In the in-between, we may not know where we are or what we are doing. But we are supported by the fact that amid such uncertainty is the promise of a better future. On this Lag B’Omer we celebrate our ability to leave behind what it is we need to leave behind, even if we are not sure about what is to come.

We Don’t Count

Last Saturday night we ushered in the festival of Shavuot, which celebrates the story from the Book of Exodus of the revelation at Sinai—the story of how, after freeing the Israelite slaves from Egyptian bondage, God gives the Torah to Moses on Mount Sinai. This act is the foundation story of the covenant, the sacred bond which binds each person to the divine and each person to each other.

While this is the reason for the holiday, its name betrays a different origin. Shavuot in Hebrew means “weeks,” and it is because the holiday falls seven weeks after Passover. This is based on the holiday’s agricultural roots; originally Shavuot marked the end of the spring harvest season that began at Passover time. The Torah says to literally count the days between the two festivals. (Indeed, unlike the other holidays, Shavuot does not have a set date in the Torah—just that it falls 50 days after Passover begins.)

While the agricultural roots are not primary anymore, and while we can fix the calendar in advance, we still count the days. This period between the two holidays is called the Omer—the Omer is a sheaf of grain—and the practice is to recite a blessing each evening and then count the day with a simple formula, “Today is the Xth day of the Omer, marking X weeks and X days of the Omer.” We last counted the Omer this year on Friday night—the 49th day—and with the onset of Shavuot we completed our counting ritual.

This is not the only time in our tradition that we count. Numbers have great meaning in Jewish tradition, and the fact that “counting as ritual” is a part of our practice may not be a surprise. In addition to the “Counting of the Omer” we can also think of the four cups of wine that mark the Passover Seder or the enumeration of the 613 Commandments. When we light the menorah on Hanukkah, we are also counting—each new candle for each day indicates what day we are celebrating until we get to the last night, the eighth night, and our menorah is fully lit. And even each week we count the days until the sacred day of Shabbat, for in Hebrew, the days of the week are not Sunday, Monday, Tuesday, etc. but Yom Rishon, Yom Sheni, Yom Shlishi, etc. (“First Day, Second Day, Third Day, etc.”). Shabbat is the only day that has a “name.”

And while we have many counting rituals, according to Jewish law and practice there is one thing we are forbidden to count. People.

We are not allowed to count people. Right before Shavuot last week we celebrated Shabbat, and the weekly Torah portion for that Shabbat was Bamidbar, the first portion of the Book of Numbers. While in Hebrew Bamidbar means “In the Wilderness,” taken from the first verse of the book (although it is a hint of the theme of the book, the wanderings of the Israelites), the English name is a reference to the first action in the book: a census. Prior to their wanderings, God tells Moses to take a census of the Israelites in order to be prepared for the journey and to “line up” correctly.

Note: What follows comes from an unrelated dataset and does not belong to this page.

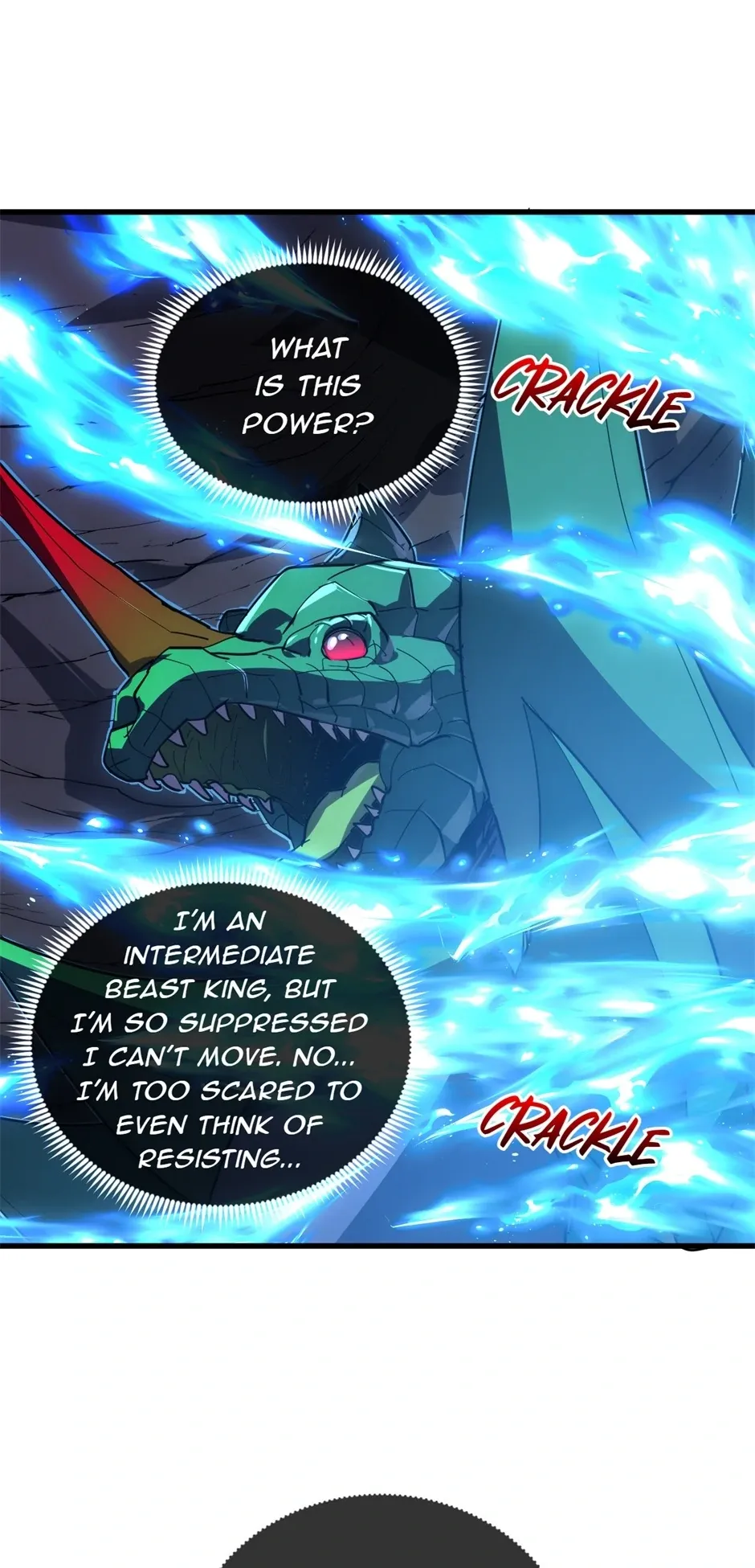 Read The Warrior Ascends From The Rubble chapter 160 image 21 on Lezhin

But as we learn from another place in the Torah, an earlier census described in Exodus 30, the census is not done directly. The census was conducted by collecting a unit of money, a half-shekel, from each person. Thus the half-shekels, and not the people directly, were counted, and funds turned over for the Tabernacle and the public welfare.

This act comes to teach a lesson–that we should not count people directly, but rather indirectly. In practice today, this comes up most often when the need arises to determine whether or not there is a minyan present. A minyan is a quorum of 10 adult Jews required for certain prayers, such as the Mourner’s Kaddish, during the worship service. If the room is packed, then there is no need to count. But if there is a small number, it is necessary to count in order to determine that there is ten.

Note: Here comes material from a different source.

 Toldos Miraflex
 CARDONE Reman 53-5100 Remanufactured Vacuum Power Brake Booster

So how do we count if we are not allowed to count? There are several customs. One is to count body parts or articles of clothing, that is, one does not count people, but noses, or shirts. Another is to say, “not-one, not-two…” (I learned this as a kid.) A third practice is to use a phrase or a biblical verse that has ten words in it, reciting each word as you note the people in attendance. (This is the one I use, using Hamotzi, the blessing over bread. Psalm 23:10 is a popular choice as well.)

Perhaps silly in practice, but not in spirit. The reason why we do it like this is hinted in the Exodus passage mentioned above: “When you take a census of the Israelite people according to their enrollment, each shall pay God a ransom for himself on being enrolled, that no plague may come upon them through their being enrolled. This is what everyone who is entered in the records shall pay: a half-shekel by sanctuary weight…” (Exodus 30:12-13) With the juxtaposition of the census, the half-shekel and the plague, the text is understood to mean that it is the act of conducting the census with the half-shekel that avoids the plague. A plague will come if you count people directly.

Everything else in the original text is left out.